National numbers show the unemployment rate for teens is at a high 30% and in Bay County, the latest numbers show about 21% of teens can't cash in on a summer paycheck. Teens are now competing with more experienced adults for entry-level jobs and getting that summer paycheck is becoming an increasingly daunting task.
Working full-time as a hostess at Buffalo Wild Wings, 19-year old Hailey Sisco is grateful for her current summer gig, as she says her friends are giving trouble this year reeling in employers and hooking a job. She says if he brother hadn't helped her get the job last year, she'd probably be in the same boat.

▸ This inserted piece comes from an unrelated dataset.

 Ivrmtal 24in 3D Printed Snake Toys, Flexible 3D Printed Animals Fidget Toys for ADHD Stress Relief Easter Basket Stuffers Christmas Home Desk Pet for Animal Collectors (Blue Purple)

"If I would have not worked here last summer and tried to apply this summer, I probably wouldn't of got hired because I stand here all day and I probably get like 15 applications a day," Sisco said.

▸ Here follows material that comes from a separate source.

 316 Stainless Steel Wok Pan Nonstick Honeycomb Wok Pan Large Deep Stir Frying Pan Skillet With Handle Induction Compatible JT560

Buffalo Wild Wings' General Manager Peter Bruckner says that wave of applications are people who range in all ages and all different levels of experience.

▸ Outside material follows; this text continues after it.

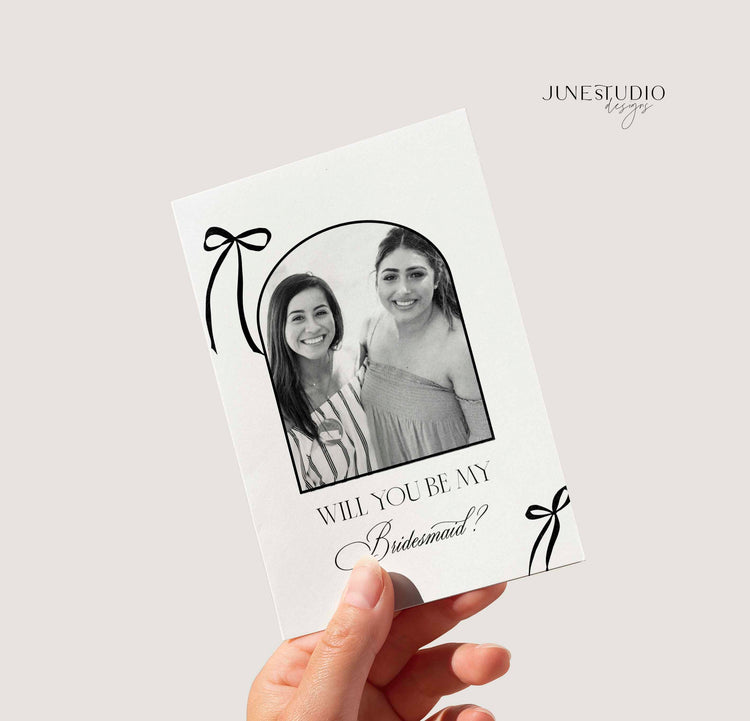 Old Money Photo Bridesmaid Proposal Cards digital template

"We see a lot of people who have been laid off who and have had a hard time finding a line of work in their profession and waiting tables is a great way to get you through to your next job," Bruckner said.
Gulf Coast Workforce Center experts say that's been the growing trend in the last few years.
"Where we used to have kids filling these summer jobs, we now have older workers, experienced workers many people with degrees who are taking job you know they wouldn't have thought of taking before," said the Workforce Board's Executive Director, Kim Bodine.
At Buffalo Wild Wings, teens' applications are shuffled into a pile of more than 500 applications that have been turned in just in the last three weeks, even competing with some people with engineering degrees, but Bruckner says it's not all about what's on paper.
"Experience is great, but it's not everything. A lot of times people who have never had jobs before are the best employees, because they come in with an open mind," Bruckner added.
He says its okay for teens to be persistent after applying, but polite persistence will lead to smooth sailing into that summer job. Bodine also advices teens to go into a job interview confident and positive, selling yourself and your skills.